[Development] Deprecating QFile::encodeName/decodeName

Wed Jun 6 00:47:23 CEST 2012

On terça-feira, 5 de junho de 2012 16.48.58, João Abecasis wrote:
> Thiago Macieira wrote:
> > On terça-feira, 5 de junho de 2012 13.20.36, João Abecasis wrote:
> >> I would not go as far as saying that the concept is broken, but it
> >> definitely isn't portable. One big issue is that nowadays we don't
> >> use an 8-bit encoding on Windows and those functions assume QString
> >> <-> QByteArray conversions.
> > 
> > I called it broken due to the ambiguity when it comes to interpreting
> > data that may or may not contain file names, like command-line
> > arguments. See the next paragraph of what I had written.
> > 
> > Codecs must never be used in a situation where there's an ambiguity on
> > what the encoding is. That will lead to mojibake sooner or later.
> 
> That's the whole point, you shouldn't treat file names differently when
> processing the command line or configuration files. Those should be
> interpreted using their specific rules: command line goes according to
> locale, configuration goes according to established convention (say,
> UTF-8).

So you're asking that filenames be passed on the locale encoding (say, UTF-8) 
on the command-line, regardless of what the filesystem encoding is?

That is a possible solution, it requires that all tools be taught to do that, 
including the ones that currently couldn't care less about encodings. Many 
shell tools assume that the file name can be copied verbatim from the DIR* 
entry (from readdir(2)) to the screen.

I don't see that happening any more than I see any of the other solutions. The 
only pragmatic solution is to enforce filesystem encoding == locale encoding.
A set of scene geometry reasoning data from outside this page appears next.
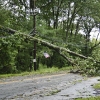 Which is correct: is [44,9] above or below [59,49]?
above

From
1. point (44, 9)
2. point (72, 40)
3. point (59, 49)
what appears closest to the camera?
point (59, 49)

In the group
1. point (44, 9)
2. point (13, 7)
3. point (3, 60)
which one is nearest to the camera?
point (3, 60)

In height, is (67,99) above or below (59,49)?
below

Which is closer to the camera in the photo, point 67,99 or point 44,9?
point 67,99

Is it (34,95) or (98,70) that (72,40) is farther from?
(98,70)

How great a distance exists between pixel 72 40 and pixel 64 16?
5.44 m

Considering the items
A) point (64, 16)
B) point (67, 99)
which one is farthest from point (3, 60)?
point (64, 16)

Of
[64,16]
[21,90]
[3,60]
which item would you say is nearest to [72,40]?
[64,16]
In fact, there is one more possible solution which stands a chance: forcing 
the problem onto the kernel. Make the entire userspace API be UTF-8 and have 
the kernel recode to the filesystem encoding as necessary. The problem with 
this solution is that it a) will suffer extreme resistance from kernel 
developers and other people who think of file names as "binary data" instead of 
human-readable text; and b) is no different from the other solution of 
enforcing the encoding.

[snip]
>     QtGit commit -m $'R\xc3\xa9sum\xc3\xa9' 'R%E9sum%E9.txt'
> 
> Bash enables you to pass around byte sequences it doesn't understand.
> That would help in getting UTF-8 into the application but would not help
> pass in Latin1, as the application would (correctly) flag it as an
> invalid UTF-8 sequence and replace 'é' with '?'. Instead, we need to
> escape the file name in a way that will not be misinterpreted by bash or
> command line processing, giving code that actually expects a path (say,
> QFile, encodeName or QFileSystemEntry) a chance to interpret it.
> 
> For this to work, command line parsing need not understand more than
> UTF-8, but encodeName would then be able to convert those \xHH sequences
> to the proper Latin1-encoded "Résumé" and retrieve the right file from
> the file system.

You used %HH instead of \xHH in your example, which is the URL encoding and 
for which there are well-defined rules. I'd prefer that.
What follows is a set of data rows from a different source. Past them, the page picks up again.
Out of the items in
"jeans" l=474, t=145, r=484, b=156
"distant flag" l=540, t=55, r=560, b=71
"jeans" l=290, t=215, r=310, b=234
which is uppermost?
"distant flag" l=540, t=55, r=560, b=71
> We're talking about the edge cases, right? 99% of uses will work with or
> without the need for encode/decodeName.
> 
> Currently, we don't support the edge cases at all. If we were able to
> support the edge cases but not be able to interoperate with other
> applications on those cases it would already be an improvement.

What we don't currently support are file names that cannot be decoded by the 
locale codec, such as a latin1("Résumé.txt") on a UTF-8 system. If that's what 
you mean by edge cases, then what's what I meant.
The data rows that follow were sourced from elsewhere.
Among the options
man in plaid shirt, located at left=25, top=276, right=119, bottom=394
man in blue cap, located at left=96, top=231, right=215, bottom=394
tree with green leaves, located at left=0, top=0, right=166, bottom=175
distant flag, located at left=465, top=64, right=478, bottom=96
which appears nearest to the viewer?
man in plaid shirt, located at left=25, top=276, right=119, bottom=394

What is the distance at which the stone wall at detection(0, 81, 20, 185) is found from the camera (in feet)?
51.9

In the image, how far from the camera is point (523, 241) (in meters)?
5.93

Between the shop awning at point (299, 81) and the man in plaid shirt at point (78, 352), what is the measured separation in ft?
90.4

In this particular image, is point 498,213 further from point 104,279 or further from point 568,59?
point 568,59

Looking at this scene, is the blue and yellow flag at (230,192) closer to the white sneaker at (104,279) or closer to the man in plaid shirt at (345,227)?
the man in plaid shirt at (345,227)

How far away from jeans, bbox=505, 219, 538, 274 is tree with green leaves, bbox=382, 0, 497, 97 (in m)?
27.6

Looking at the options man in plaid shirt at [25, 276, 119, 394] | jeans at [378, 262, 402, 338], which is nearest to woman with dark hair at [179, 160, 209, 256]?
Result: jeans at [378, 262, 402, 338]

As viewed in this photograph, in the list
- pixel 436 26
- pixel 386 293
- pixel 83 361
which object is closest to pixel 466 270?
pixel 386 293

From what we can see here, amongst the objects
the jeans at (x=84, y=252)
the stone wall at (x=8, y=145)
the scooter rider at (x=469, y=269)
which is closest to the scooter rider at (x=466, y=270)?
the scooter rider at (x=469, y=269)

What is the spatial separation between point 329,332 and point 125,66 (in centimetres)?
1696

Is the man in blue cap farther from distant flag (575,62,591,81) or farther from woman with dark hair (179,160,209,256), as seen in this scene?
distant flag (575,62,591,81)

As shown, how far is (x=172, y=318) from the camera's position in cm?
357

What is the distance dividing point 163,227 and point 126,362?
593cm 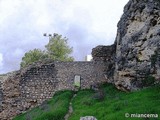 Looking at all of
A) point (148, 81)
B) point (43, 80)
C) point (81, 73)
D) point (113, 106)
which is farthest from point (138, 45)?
point (43, 80)

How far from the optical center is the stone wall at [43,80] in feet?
125

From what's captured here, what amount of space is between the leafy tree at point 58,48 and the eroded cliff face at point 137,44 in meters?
35.3

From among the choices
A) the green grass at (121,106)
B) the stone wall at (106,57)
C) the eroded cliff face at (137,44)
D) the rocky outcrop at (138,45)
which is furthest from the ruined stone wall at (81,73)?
Result: the green grass at (121,106)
What I cannot agree with is sacrificing the normal case for the edge case. It 
might be possible to fix the problem of the edge case above (a restricted 
issue) with little fall-out, but I don't see a way of solving the generic 
problem of filesystem encoding != locale encoding.

> > The way I see it, the only way that this could work is if two
> > conditions were met:
> > 
> > 1) there is a cross-toolkit, lossless and encoding-independent
> > representation of a filepath
> 
> This would be nice, agreed.

I'd say it's mandatory. If we only try to solve the restricted problem of 
filenames outside the filesystem encoding (which is equal to the locale 
encoding), there's a possible solution similar to Qt3's.

If we want to solve the generic problem, then we must always transmit data in 
a specific encoding between applications. That requires, in turn, that all 
applications be modified to understand that for the common case (not just the 
edge case).

> > [Desktop Entry]
> > Encoding=UTF-8
> > # the third argument to git commit is a URI reference for a filename
> > # called "Résumé.txt" encoded in Latin 1
> > Exec=git commit -m Résumé R%E9sum%E9.txt
> > 
> > without modifications, git would not understand that representation
> > and would not find the file on disk. Changing *every* *single*
> > application under the sun to use a different representation for file
> > paths than what they do today is not feasible.
> 
> What a lot of applications will do is treat byte-sequences (strings)
> agnostically and not validate them as valid UTF-8 sequences, allowing
> you to still access files with those "funny" names.

Only if the calling application or the user wrote those "funny names" 
literally, in the format that the filesystem OS functions expect. That is not 
the case above, where we used a different, specific encoding.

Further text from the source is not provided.